17. Searching for Trips**
This section shows you how to search for trips in a GTFS feed based on specified times and stops.
The three scenarios covered are:
- Finding all stops departing from a given stop after a certain time
- Finding all stops arriving at a given stop before a certain time
- Finding all trips between two stops after a given time
The first and second scenarios are the simplest, because they only rely on a single end of each trip. The third scenario is more complex because you have to ensure that each trip returned visits both the start and finish stops.
When searching for trips, the first thing you need to know is which services are running for the given search time.
Finding Service IDs
The first step in searching for trips is to determine which services are
running. To begin with, you need to find service IDs for a given date.
You then need to handle exceptions accordingly. That is, you need to add
service IDs and remove service IDs based on the rules in
calendar_dates.txt
.
Note: In Scheduling Past Midnight, you were shown how GTFS works with times past midnight. The key takeaway from this is that you have to search for trips for two sets of service IDs. This is covered as this chapter progresses.
In Australia, 27 January 2014 (Monday) was the holiday for Australia Day. This is used as an example to demonstrate how to retrieve service IDs.
Firstly, you need the main set of service IDs for the day. The following SQL query achieves this.
SELECT service_id FROM calendar
WHERE start_date <= '20140127' AND end_date >= '20140127'
AND monday = 1;
# Result: 1, 2, 6, 9, 18, 871, 7501
Next you need to find service IDs that are to be excluded, as achieved by the following SQL query.
SELECT service_id FROM calendar_dates
WHERE date = '20140127' AND exception_type = 2;
# Result: 1, 2, 6, 9, 18, 871, 7501
Finally, you need to find service IDs that are to be added. This query
is identical to the previous query, except for the different
exception_type
value.
SELECT service_id FROM calendar_dates
WHERE date = '20140127' AND exception_type = 1;
# Result: 12, 874, 4303, 7003
You can combine these three queries all into a single query in SQLite
using EXCEPT
and UNION
, as shown in the following SQL query.
SELECT service_id FROM calendar
WHERE start_date <= '20140127' AND end_date >= '20140127'
AND monday = 1
UNION
SELECT service_id FROM calendar_dates
WHERE date = '20140127' AND exception_type = 1
EXCEPT
SELECT service_id FROM calendar_dates
WHERE date = '20140127' AND exception_type = 2;
# Result: 12, 874, 4304, 7003
Now when you search for trips, only trips that have a matching
service_id
value are included.
Finding Trips Departing a Given Stop
In order to determine the list of services above, a base timestamp on
which to search is needed. For the purposes of this example, assume that
timestamp is 27 January 2014 at 1 PM (13:00:00
when using GTFS).
This example searches for all services departing from Adelaide Railway
Station, which has stop ID 6665
in the Adelaide Metro GTFS feed. To
find all matching stop times, the following query can be performed.
SELECT * FROM stop_times
WHERE stop_id = '6665'
AND departure_time >= '13:00:00'
AND pickup_type = 0
ORDER BY departure_time;
This returns a series of stop times that match the given criteria. The only problem is it does not yet take into account valid service IDs.
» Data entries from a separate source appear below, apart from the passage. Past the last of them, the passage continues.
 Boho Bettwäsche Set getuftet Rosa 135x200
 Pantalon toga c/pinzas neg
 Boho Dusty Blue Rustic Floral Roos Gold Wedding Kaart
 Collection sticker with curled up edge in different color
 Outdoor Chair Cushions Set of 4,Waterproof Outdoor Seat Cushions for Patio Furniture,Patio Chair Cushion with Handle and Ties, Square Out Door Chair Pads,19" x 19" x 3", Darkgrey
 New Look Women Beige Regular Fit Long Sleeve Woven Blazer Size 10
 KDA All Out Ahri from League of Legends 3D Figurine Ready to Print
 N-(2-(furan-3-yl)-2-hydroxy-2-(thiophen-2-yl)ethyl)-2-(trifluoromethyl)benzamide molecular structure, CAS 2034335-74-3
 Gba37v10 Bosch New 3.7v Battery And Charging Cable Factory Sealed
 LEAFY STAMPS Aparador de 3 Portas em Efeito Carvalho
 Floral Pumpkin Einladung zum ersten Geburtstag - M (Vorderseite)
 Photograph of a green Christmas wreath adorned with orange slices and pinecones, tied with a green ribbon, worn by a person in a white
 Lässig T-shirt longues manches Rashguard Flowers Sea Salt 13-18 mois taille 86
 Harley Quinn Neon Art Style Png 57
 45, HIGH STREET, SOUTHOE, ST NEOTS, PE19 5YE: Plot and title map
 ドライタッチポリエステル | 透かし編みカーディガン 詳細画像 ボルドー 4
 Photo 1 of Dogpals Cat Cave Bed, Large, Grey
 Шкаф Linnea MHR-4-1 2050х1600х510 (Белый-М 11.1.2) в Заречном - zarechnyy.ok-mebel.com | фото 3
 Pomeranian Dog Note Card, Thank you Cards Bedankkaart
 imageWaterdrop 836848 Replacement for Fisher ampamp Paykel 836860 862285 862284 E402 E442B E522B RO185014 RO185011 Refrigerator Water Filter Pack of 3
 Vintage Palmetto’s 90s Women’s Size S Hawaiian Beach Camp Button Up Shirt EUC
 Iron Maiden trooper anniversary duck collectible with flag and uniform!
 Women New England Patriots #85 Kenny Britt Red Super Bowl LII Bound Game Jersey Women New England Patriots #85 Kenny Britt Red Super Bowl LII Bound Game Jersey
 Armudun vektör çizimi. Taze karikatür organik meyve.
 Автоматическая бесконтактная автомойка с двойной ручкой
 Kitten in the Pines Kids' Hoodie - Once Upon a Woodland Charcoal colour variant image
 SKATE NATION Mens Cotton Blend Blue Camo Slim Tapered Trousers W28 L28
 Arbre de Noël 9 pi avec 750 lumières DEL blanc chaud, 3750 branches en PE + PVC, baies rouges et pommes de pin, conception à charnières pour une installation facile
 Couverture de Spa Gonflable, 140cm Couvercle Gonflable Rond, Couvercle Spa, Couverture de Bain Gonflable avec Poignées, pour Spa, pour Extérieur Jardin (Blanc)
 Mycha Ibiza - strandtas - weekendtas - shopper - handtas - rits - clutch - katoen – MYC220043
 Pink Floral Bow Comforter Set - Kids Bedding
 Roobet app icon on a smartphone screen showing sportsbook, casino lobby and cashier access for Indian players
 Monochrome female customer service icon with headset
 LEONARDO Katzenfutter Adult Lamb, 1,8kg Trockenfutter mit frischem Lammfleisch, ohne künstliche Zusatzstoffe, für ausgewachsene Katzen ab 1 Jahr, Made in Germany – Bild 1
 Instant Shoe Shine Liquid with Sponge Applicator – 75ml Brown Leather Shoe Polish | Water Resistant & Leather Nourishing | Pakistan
Note: This query may also return stop times that are the final stop
on a trip, which is not useful for somebody trying to find departures.
You may want to modify your database importer to override the final stop
time of each trip so its pickup_type
has a value of 1
(no pick-up) and
its first stop time so it has a drop_off_type
of 1
(no drop-off).
To make sure only the correct trips are returned, join stop_times
with trips
using trip_id
, and then include the list of service
IDs. For the purposes of this example the service IDs, stop ID and
departure time are being hard-coded. You can either embed a sub-query,
or include the service IDs via code.
SELECT t.*, st.* FROM stop_times st, trips t
WHERE st.stop_id = '6665'
AND st.trip_id = t.trip_id
AND t.service_id IN ('12', '874', '4304', '7003')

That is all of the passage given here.